Your inheritance

Jon’s sweet family sketch in his post last week has stayed with me for days. Even yesterday, as I prepared for a day on the shore with part of my own vast and varied family, his words lingered.

It’s a strange thing, waxing deep over the potato salad. That was my assignment for yesterday’s picnic lunch. In my family, someone is going to make potato salad, it’s just a matter of who. Making the potato salad is, in it’s own small way, an honor and a responsibility. The way I like to make it is, basically, to make it taste as close to my mother’s as I can, while still making it my own. The art is really in the dressing. There needs to be just the right blend of rich, tang, sweet, salt and spice. I’ve studied off and on how my mom makes hers, and have a pretty good feel for my own, having learned at her knee.

Thanks, Mom!

This dressing recipe is part of my inheritance. And as I was preparing it yesterday morning, it got me thinking about the inherited blend of rich and bitter, sweet and salt that is family culture. In very large part we pick up thoughts, moods, our ways of relating to the good and the difficult from each other. You could say our communication patterns get handed down to us, starting with our earliest days. You may have inherited entire thought constructs, such as political beliefs or philosophical leanings. Even if you rejected the concrete constructs outright, your way of debating stridently, deciphering with curiosity, or backing away from discussing them might be of the given family form.

My husband Bill always chuckles at me when our family gets together. He says he likes watching me turn into the little sister, the 5th out of six. I guess it must bring out my family inheritance in a very particular way. I will admit to hearing some baudy, naughty, even feisty statements come out of my mouth not infrequently. And I take great pleasure in giving my older siblings, kids, nieces and nephews charge of various life elements for a time, even if it’s just for an afternoon. This can be a meditation form in its own right: noticing the arising of inherited patterns, the good, the bad and the ugly, right out of my own silent or squawking mouth, right from my intermittently helpful and lazy hands.

Some family bequests are of the roughest sort. In our clearest moments I think we all agree that the worst ones, such as physical or verbal abusiveness, have no rightful place in a nurturing culture. And yet, these inheritances continue to be handed on, generation to generation. Where does such an inheritance originate? With everyone agreeing it’s unacceptable, who chose it in the first place? It would be arguably easier to document the provenance of a Dark Ages mallet than it would be to find the origin of vindictiveness in a family, say.

There are all manner of inherited family patterns. Sunniness, strong work ethic, pessimism,  intellectualism: you can find things you love about yourself and inherited bits you’d just as soon get rid of, if you could. I’d say it’s a critical part of the art of being you, determining what parts of the overall mix really serve, what heirlooms should be preciously maintained, and which parts you’d do better walking away from or even dismantling with courageous self-discipline.

What are your heirlooms? Are their inheritances you’d like to stop handing down?

~ Margaret

5 thoughts on “Your inheritance

  1. I’ve spent many hours over the years considering this very subject. What I wonder is just how much of who we are (manner, demeanor, affect, etc) is genetic and maybe hard-coded, and how much is imprinted or programmed, and therefore reprogrammable. Science may never be able to fully answer this question; but it sure would be useful information when we’re choosing which aspects of ourselves to work on (to walk away from, or dismantle, to use your words) and dedicating time and resources to the effort. Kind of reminds me of the Serenity Prayer…

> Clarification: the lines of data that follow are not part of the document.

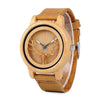 Hollow Deer Head Bamboo Design Wood Casual Watch For Men & Women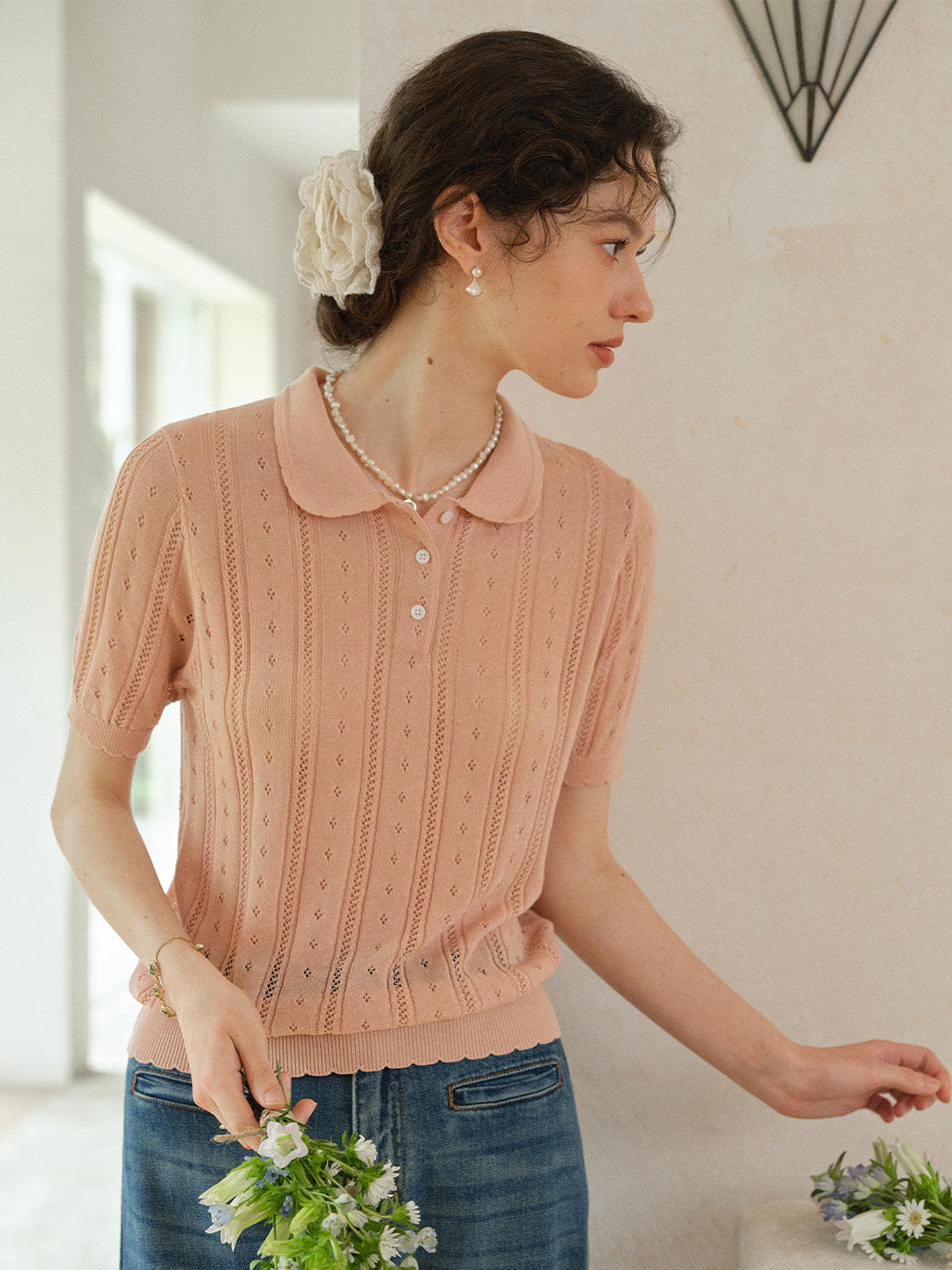 Camila Polo Collar Retro Texture Linen Knit Top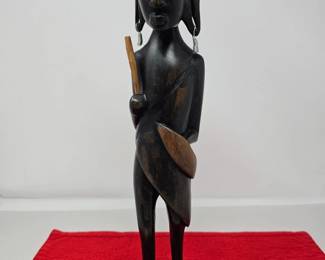 55 VintageAfricanHandCarvedTraditionalWomanWoodSculpture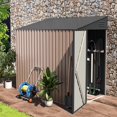 thumbnail image 2 of AECOJOY 4' x 6' Metal Storage Shed, Lean-to Design and Lockable Door for Garden, Grey, 2 of 8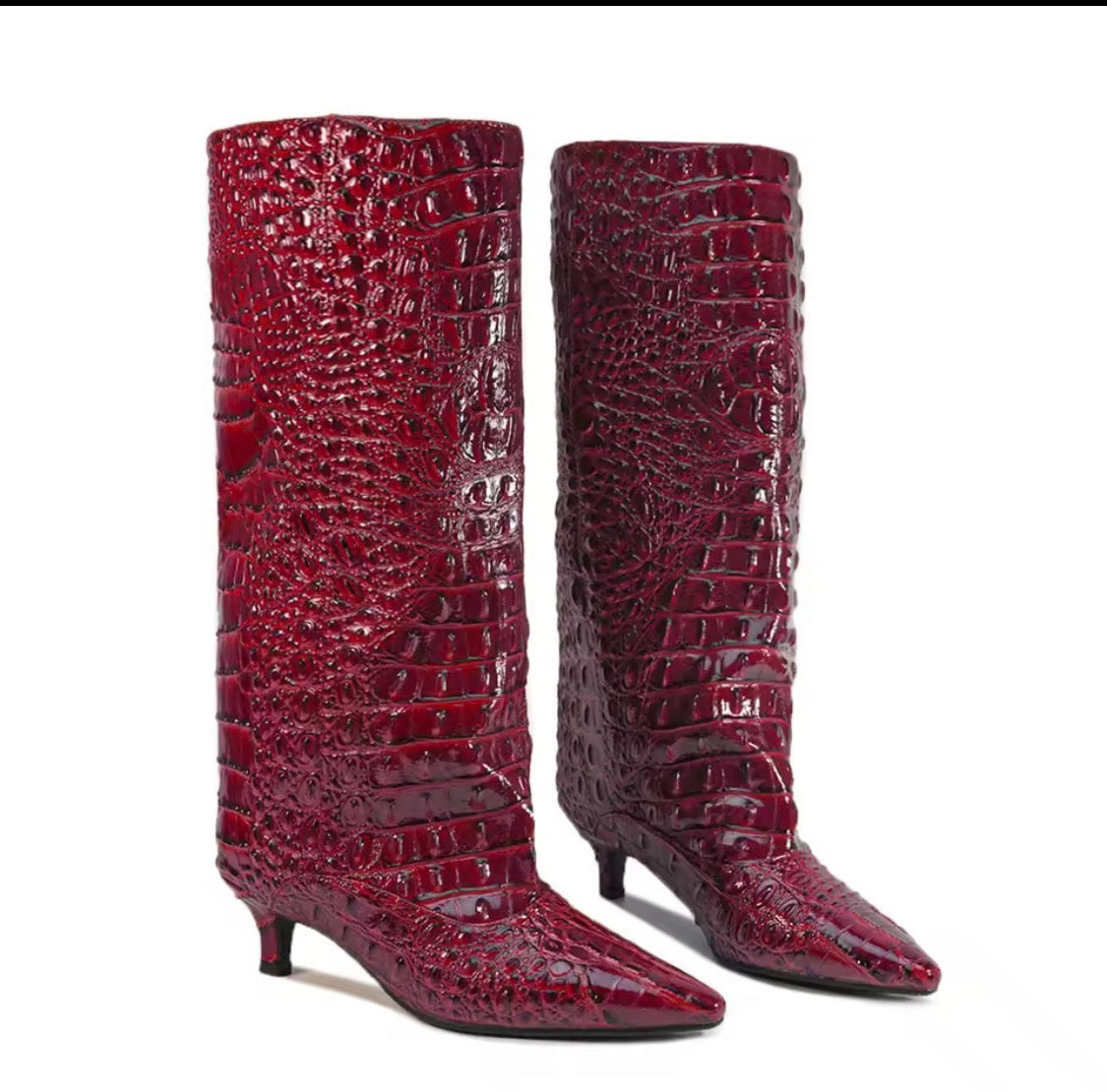 Women’s Slouch Knee-High Boots — Pointed-Toe Kitten Heel Crocodile Embossed Long Boots
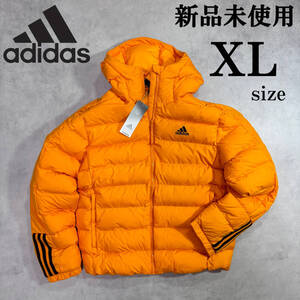 1円〜 新品 XLsize アディダス スリーストライプス ミッドウェイト ジャケット adidas 中綿 フーディ パーカー アウター 保温 オレンジ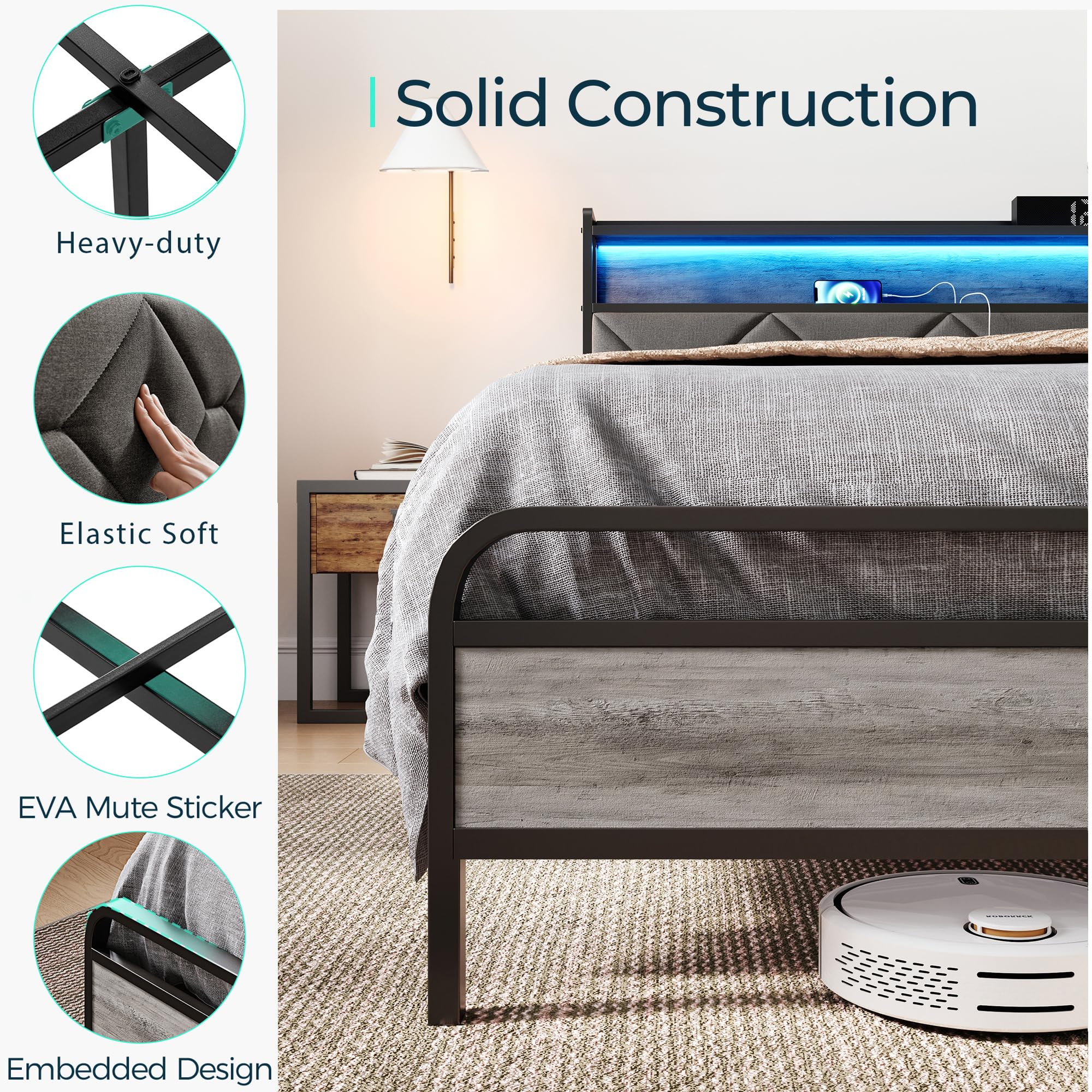 LINSY Full Bed Frame with Storage Headboard, Upholstered Platform Frame with LED and Charging Station, Metal Full Size Bed Frames, No Box Spring Needed, Easy Assembly, Rustic Grey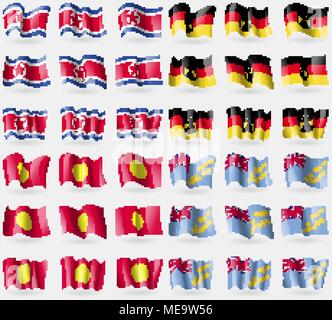 La Corea del Nord, Germania, Kirghizistan, Tuvalu. Set di 36 bandiere dei paesi del mondo. Illustrazione Vettoriale Illustrazione Vettoriale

    • The science of meditation and neurobiology keeps astounding us with what turns out is malleable, thru good hearted attention. Most recently we have seen how gene damage can be repaired in an 8-week MBSR intervention. Keep wondering, and see where the questions take you! ~Margaret

  2. wonderful article. we choose the heirlooms that we pass on and the others were meant to be a part of our past.

  3. This is a beautiful piece. It made me smile and brought back great memories. Though they were bitter and sweet, they were welcomed. Thank you for this gift.